**EXERCISE OBJECTIVE:**
Reproduce exactly the lines from the top of the records below through the line holding "Set of 16 mismatched".

Short text fragments from websites
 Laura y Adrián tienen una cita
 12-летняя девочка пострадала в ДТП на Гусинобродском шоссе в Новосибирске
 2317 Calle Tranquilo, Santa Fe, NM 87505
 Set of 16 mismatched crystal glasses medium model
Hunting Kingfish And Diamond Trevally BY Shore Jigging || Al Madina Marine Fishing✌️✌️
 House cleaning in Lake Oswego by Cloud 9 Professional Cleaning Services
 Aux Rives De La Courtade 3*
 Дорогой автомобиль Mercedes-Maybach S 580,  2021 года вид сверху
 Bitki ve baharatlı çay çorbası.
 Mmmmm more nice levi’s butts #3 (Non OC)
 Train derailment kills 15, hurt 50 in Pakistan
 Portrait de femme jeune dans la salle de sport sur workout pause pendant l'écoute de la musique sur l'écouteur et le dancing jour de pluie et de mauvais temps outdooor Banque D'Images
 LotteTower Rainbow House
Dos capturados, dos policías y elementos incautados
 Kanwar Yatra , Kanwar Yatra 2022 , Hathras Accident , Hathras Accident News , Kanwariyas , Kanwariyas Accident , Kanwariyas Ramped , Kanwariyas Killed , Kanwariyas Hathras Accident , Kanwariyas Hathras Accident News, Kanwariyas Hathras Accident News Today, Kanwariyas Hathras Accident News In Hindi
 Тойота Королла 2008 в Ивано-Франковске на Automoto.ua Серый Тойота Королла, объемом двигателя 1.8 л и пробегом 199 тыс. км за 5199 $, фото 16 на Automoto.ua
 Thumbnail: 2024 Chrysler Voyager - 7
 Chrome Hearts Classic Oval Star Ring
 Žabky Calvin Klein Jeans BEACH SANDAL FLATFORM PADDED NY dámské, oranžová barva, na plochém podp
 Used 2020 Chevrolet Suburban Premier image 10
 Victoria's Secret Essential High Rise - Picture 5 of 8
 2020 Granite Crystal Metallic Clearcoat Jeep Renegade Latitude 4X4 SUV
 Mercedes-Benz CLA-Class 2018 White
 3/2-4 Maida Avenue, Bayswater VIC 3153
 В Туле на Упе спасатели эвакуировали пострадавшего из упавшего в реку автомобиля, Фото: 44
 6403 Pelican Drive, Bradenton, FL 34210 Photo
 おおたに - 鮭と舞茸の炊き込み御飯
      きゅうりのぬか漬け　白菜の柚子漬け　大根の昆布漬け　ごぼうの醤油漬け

**FINAL ANSWER:**
 Laura y Adrián tienen una cita
 12-летняя девочка пострадала в ДТП на Гусинобродском шоссе в Новосибирске
 2317 Calle Tranquilo, Santa Fe, NM 87505
 Set of 16 mismatched crystal glasses medium model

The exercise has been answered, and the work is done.